We start by introducing some high-level concepts of Sloth.


Sloth is designed for labeling a set of images or videos. Each image, or video frame, can contain any number of labels. Each label is a set of key-value pairs, for example:

    "class":  "rect",
    "id":     "Martin",
    "x":      10,
    "y":      30,
    "width":  40,
    "height": 50,

The only required key a label has to have is the “class” key. By convention, the value of “class” is used to determine the appropriate visualization for this label (in our example it will draw a rectangle). We will later see, how the mapping between class and visualization can be customized and how custom visualizations can be added.

Label type conventions

Sloth provides support for a range of standard shape labels (for example rectangles, points and polygons). In order for Sloth to correctly visualize these labels, the labels have to follow a convention, which keys represent the x- and y-coordinates, width and height and so on.
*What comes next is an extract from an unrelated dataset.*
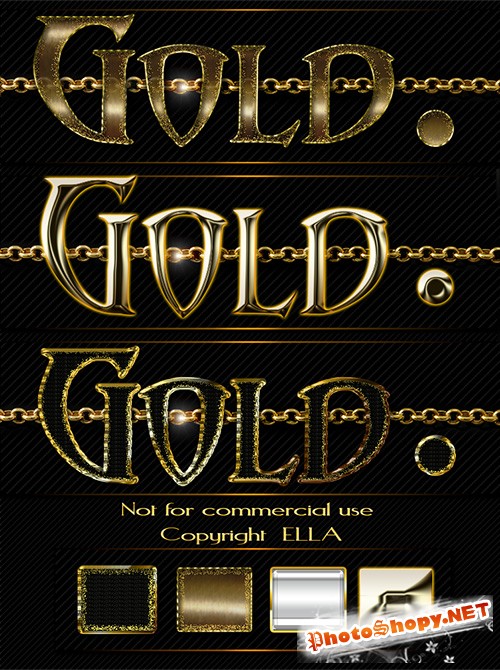 4 золотых стиля для дизайна в программе фотошоп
The following simple geometric classes are supported out of the box, i.e. corresponding visualization items and inserters will be avaible in the default configuration.


    "class": "point",
    "x":     10,
    "y":     20,


    "class":   "rect",
    "x":       10,
    "y":       20,
    "width":   20,
    "height":  20,


    "class": "polygon",
    "xn":    "10;20;30",
    "yn":    "20;30;40",

User defined labels

In many cases, labeling requirements extend beyond those simple classes. Or, you might want to add further information. Since each label is just a set of key-value pairs, this is easily possible by adding more key-value pairs that carry additional information. For example you can add a key type that differentiates point labels to be either the label for the left or the right eye of a face:

    "class": "point",
    "type":  "left_eye",
    "x": 50, "y": 40,
    "class": "point",
    "type":  "right_eye",
    "x": 70, "y": 40,

Of course, you can also create new classes:

    "class": "triangle",
    "x1": 10,
    "y1": 20,
    "x2": 30,
    "y2": 20,
    "x3": 20,
    "y3": 30,
    "class": "deathstar",
    "x": 678,
    "y": 890,
    "z": 666,
    "range": "very far",
    "last_known_message": "What happens if I press *this* button?"

You see in the second example, that the label does not necessarily have to name a geometric form of any sort. Neither do the key-value pairs have to denote only coordinates or attributes. It can be anything you like. However, if you create your own classes you will need to tell the Sloth in the configuration how to display this label class. See section Configuration on how to do that.

Representation is not storage

In the sections above we introduced the labels as sets of key-value pairs with a textual representation. The storage on disk of the labels however can be very different. Sloth does not have the one way in which it stores the labels on-disk. The labels could be stored as XML, as binary data or in a textual format. In fact, the labels might not even be stored in a file, but uploaded to a web server. Again, there are some default formats which the label tool can deal with out of the box (among others YAML and JSON, which resemble the textual representation above). However, you are free to define your own loading and saving routines for your labels (see Containers). This allows you for example to support legacy third-party label formats (for example one that comes with a data set) without the need of converting them to JSON first.